Directions for this task
Please copy, exactly and with no pictures, only the lines from the one containing "thumbnail image 6" through the last line of the records.

Data extract
****************

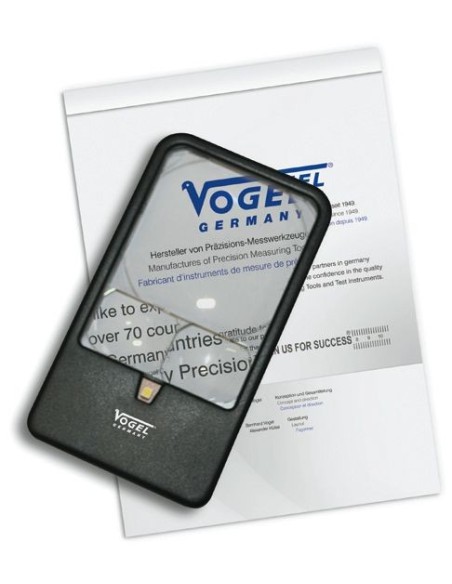 LUPA DE BOLSILLO CON LED, AUMENTO X3 / X5 / X7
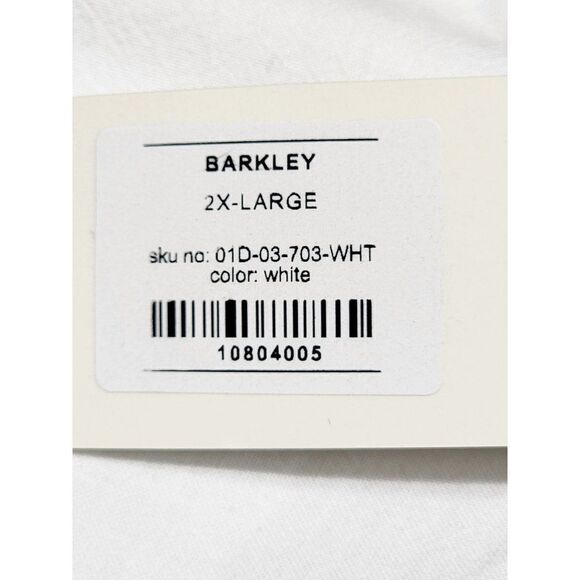 FIVE FOUR Men's 2XL NWT Long Sleeve White Dress Shirt - Picture 11 of 11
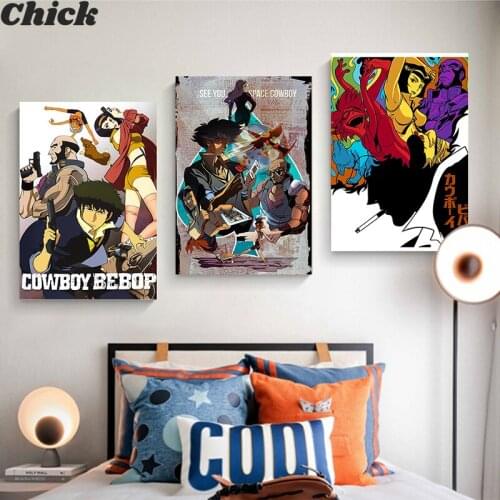 HD Canvas Painting Print Cowboy Anime Poster Wall Art Print Modern Home Decoration Painting Modular Living Room Picture Painting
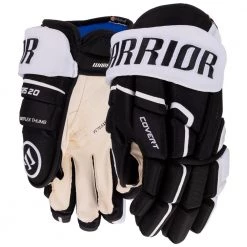 Warrior Covert QR5 20 Hockey Gloves - Junior -Hockey Gear World warrior covert qr5 20 hockey gloves junior black white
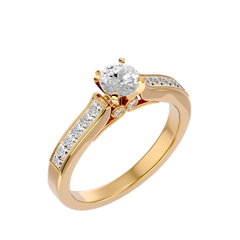 Alpha Solitaire Ring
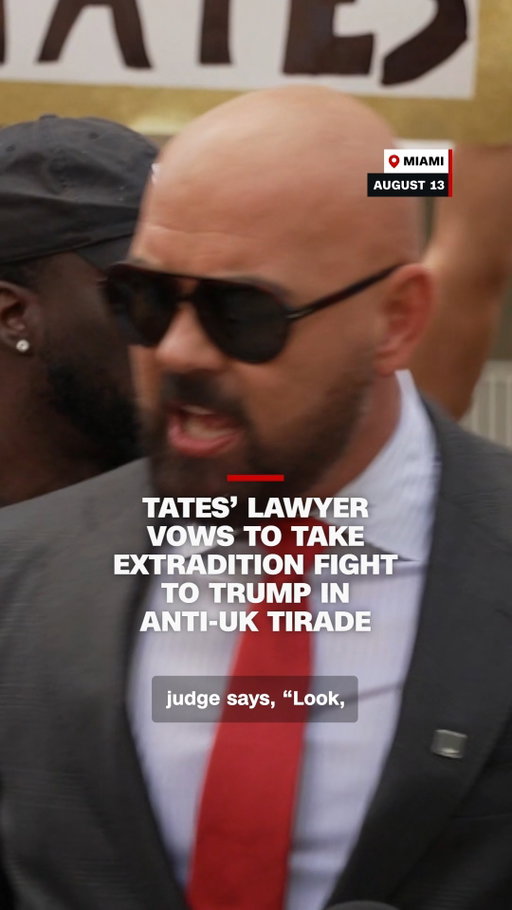 As Andrew and Tristan Tate fight an extradition request from the United Kingdom on sex-crime charges they deny, including rape and sex trafficking, attorney Joseph McBride vowed to appeal to President Donald Trump and Secretary of State Marco Rubio to block their removal.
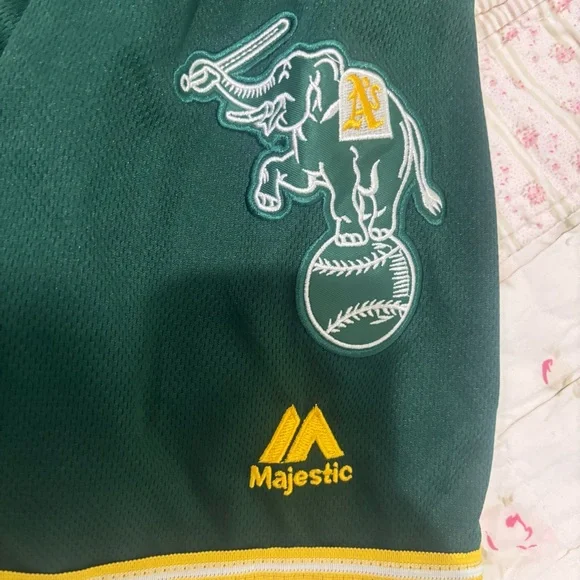 Majestic Oakland Athletics Mark McGwire #25 Authentic Flex Base Jersey - Green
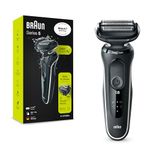 Braun Series 5 Electric Shaver, Foil Shaver With 3 Flexible Blades, 100% Waterproof, Wet & Dry Electric Razor for Men, 50-W1000s, White Rated Which? Best Buy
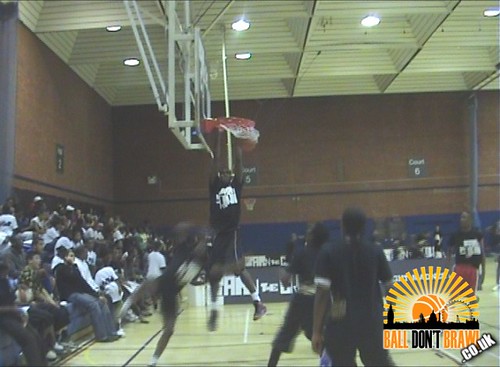 Robert Gilchrist catches the lob 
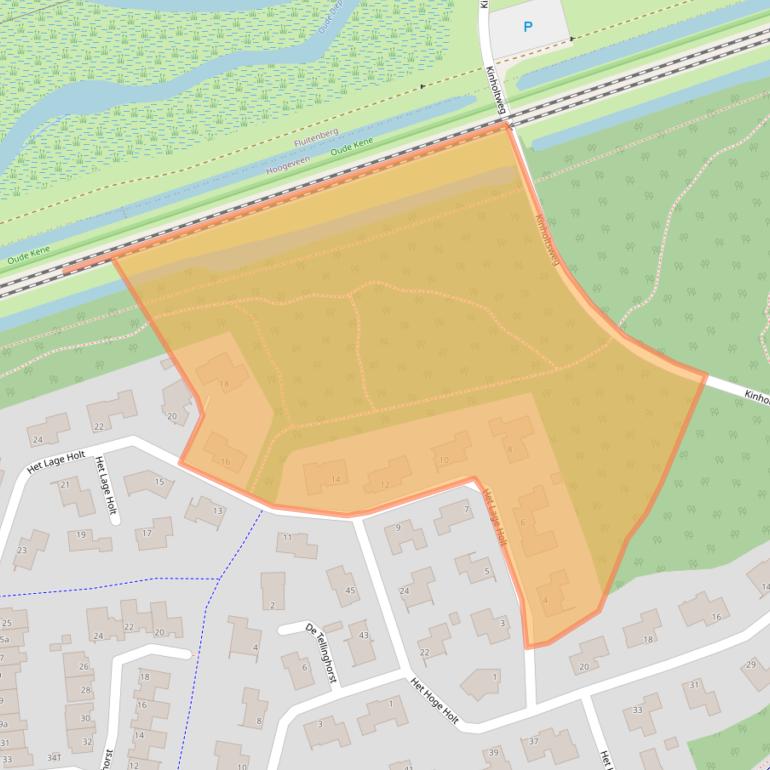 Kaart van postcodegebied 7909BN.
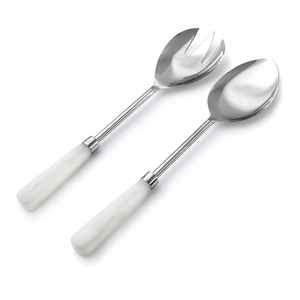 Ensemble de couverts en métal plaqué argent avec nouveau manche en résine, accessoires de cuisine, y compris une cuillère de service, outils pour la maison et les restaurants - Product Image 4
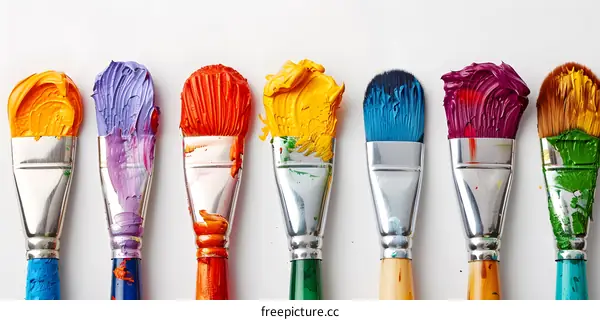 colorful paintbrushes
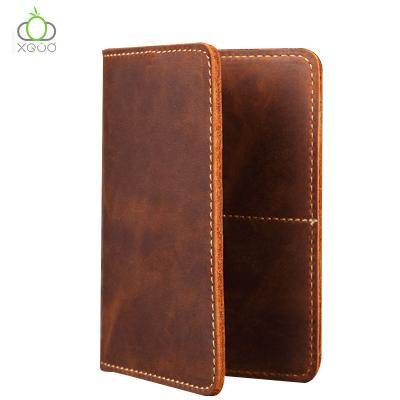 China China Market Passport Holder Passport Cover Travel Genuine Leather High Quality Card Holder for sale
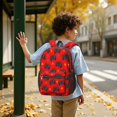 thumbnail image 6 of Game Controller Red Pattern 17" School Backpacks for Teens,Waterproof Oxford Fabric,S-Shape Padded Straps for School,Travel,Hiking,Camping, 6 of 6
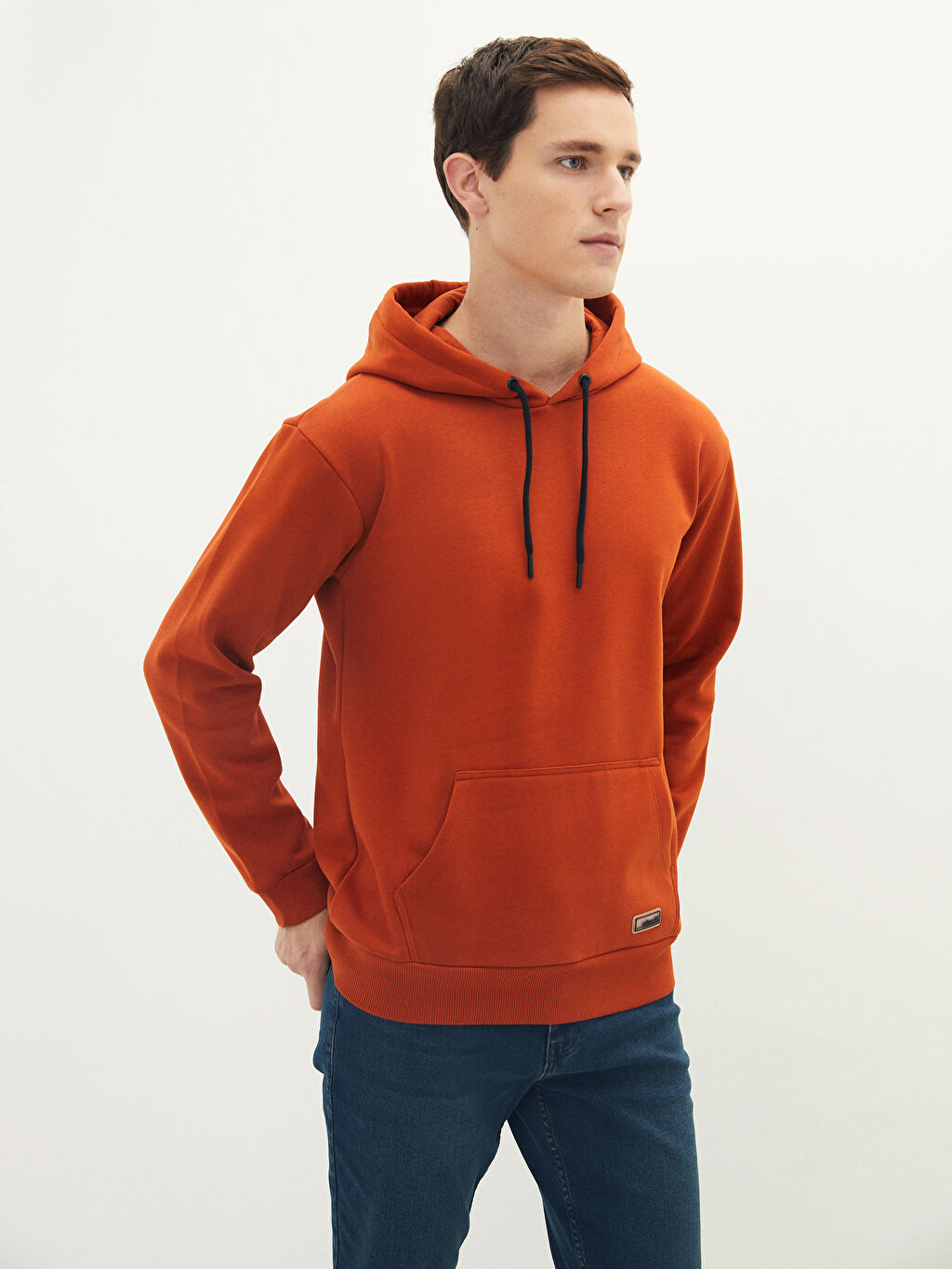 Hooded Long Sleeve Men's Sweatshirt -W17522Z8-QQK - W17522Z8-QQK - LC ...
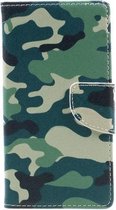 Lenovo K6 wallet hoesje camouflage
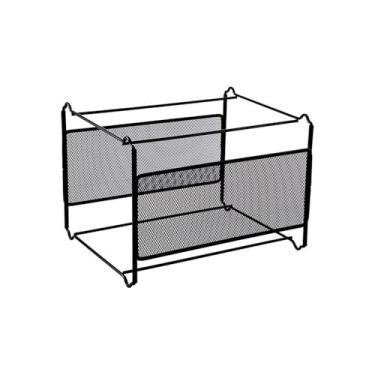 Imagem de Organizador de arquivos de mesa Acessórios de mesa metal, pasta arquivo suspensa malha, suporte para documentos, organizador(Grande)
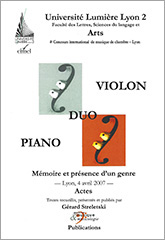 Duo Violon/Piano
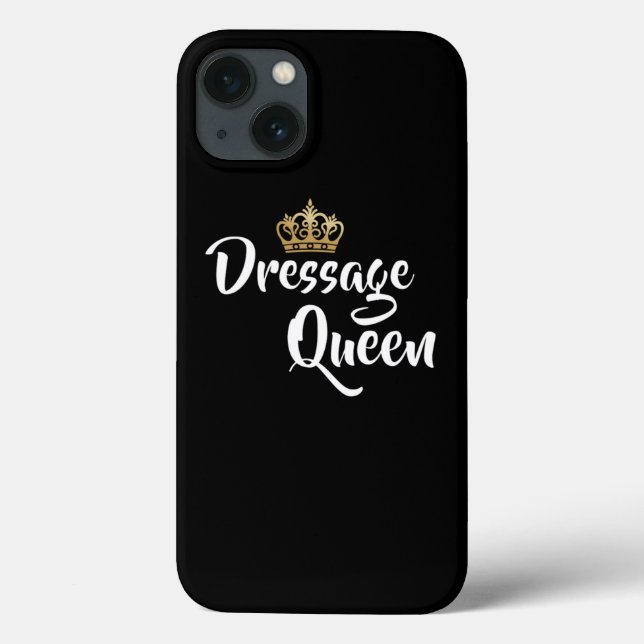Coques Case-Mate iPhone Dressage Queen Equestrier Pour Cheval (Verso)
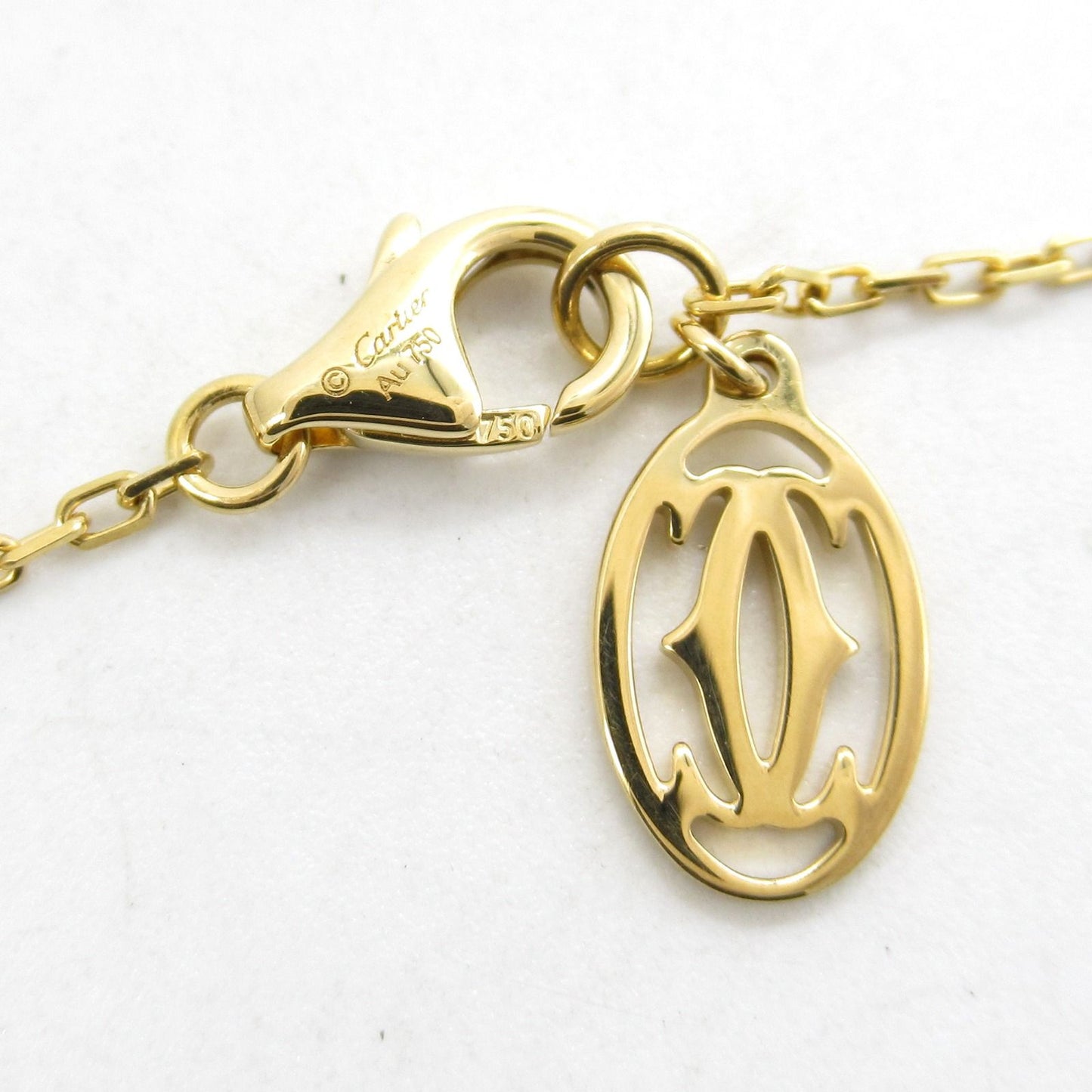 CARTIER Amour Necklace in 18K Yellow Gold with Diamonds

****************

Result of this task
 thumbnail image 6 of Game Controller Red Pattern 17" School Backpacks for Teens,Waterproof Oxford Fabric,S-Shape Padded Straps for School,Travel,Hiking,Camping, 6 of 6
 Hooded Long Sleeve Men's Sweatshirt -W17522Z8-QQK - W17522Z8-QQK - LC ...
 Lenovo K6 wallet hoesje camouflage
 Imagem de Organizador de arquivos de mesa Acessórios de mesa metal, pasta arquivo suspensa malha, suporte para documentos, organizador(Grande)
 Duo Violon/Piano
Coques Case-Mate iPhone Dressage Queen Equestrier Pour Cheval (Verso)
 CARTIER Amour Necklace in 18K Yellow Gold with Diamonds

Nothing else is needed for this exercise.